Controlling coherent interaction between optical fields and quantum systems in scalable, integrated platforms is essential for quantum technologies. Miniaturised, warm alkali-vapour cells integrated with on-chip photonic devices represent an attractive system, in particular for delay or storage of a single-photon quantum state. Hollow-core fibres or planar waveguides are widely used to confine light over long distances enhancing light-matter interaction in atomic-vapour cells. However, they suffer from inefficient filling times, enhanced dephasing for atoms near the surfaces, and limited light-matter overlap. We report here on the observation of modified electromagnetically induced transparency for a non-diffractive beam of light in an on-chip, laterally-accessible hollow-core light cage. Atomic layer deposition of an alumina nanofilm onto the light-cage structure was utilised to precisely tune the high-transmission spectral region of the light-cage mode to the operation wavelength of the atomic transition, while additionally protecting the polymer against the corrosive alkali vapour. The experiments show strong, coherent light-matter coupling over lengths substantially exceeding the Rayleigh range. Additionally, the stable non-degrading performance and extreme versatility of the light cage provide an excellent basis for a manifold of quantum-storage and quantum-nonlinear applications, highlighting it as a compelling candidate for all-on-chip, integrable, low-cost, vapour-based photon delay.

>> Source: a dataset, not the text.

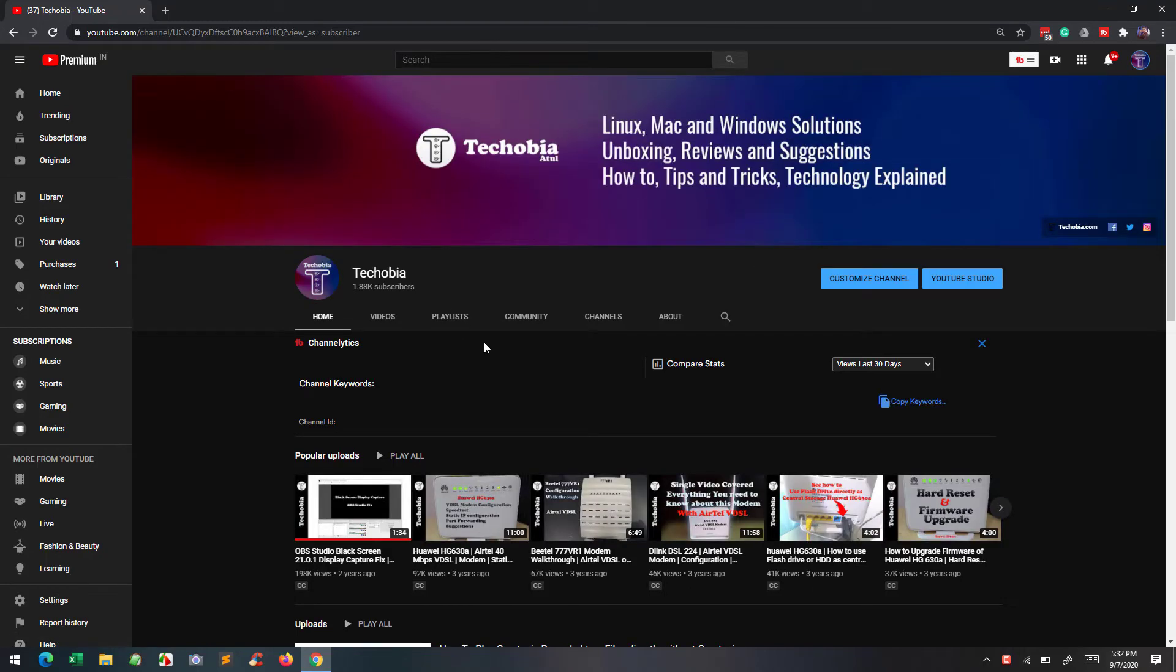Hello, good morning, good evening, good afternoon, whatever the time is for you. I am Atul, welcome to Techobia.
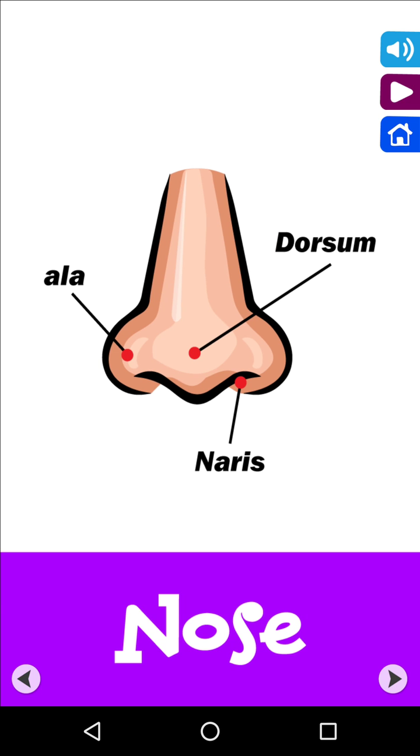Your nose consists of ala, dorsum and naris.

在可扩展的集成平台中控制光场和量子系统之间的相干相互作用对于量子技术至关重要。与片上光子器件集成的小型化、温暖的碱蒸汽电池代表了一个有吸引力的系统，特别是对于单光子量子态的延迟或存储。空心光纤或平面波导被广泛用于远距离限制光，从而增强原子蒸汽电池中的光与物质相互作用。然而，它们的填充时间效率低下、表面附近原子的相移增强以及光物质重叠有限。我们在此报告了对片上可横向访问的空心光笼中非衍射光束的改进电磁感应透明度的观察。利用氧化铝纳米薄膜在光笼结构上的原子层沉积，将光笼模式的高透射光谱区域精确调整为原子跃迁的工作波长，同时额外保护聚合物免受腐蚀性碱蒸汽的影响。实验表明，在大大超过瑞利范围的长度上，强的、相干的光-物质耦合。此外，光笼稳定的非降解性能和极端的多功能性为多种量子存储和量子非线性应用提供了极好的基础，突出表明它是全片上、可集成、低成本的引人注目的候选者，基于蒸气的光子延迟。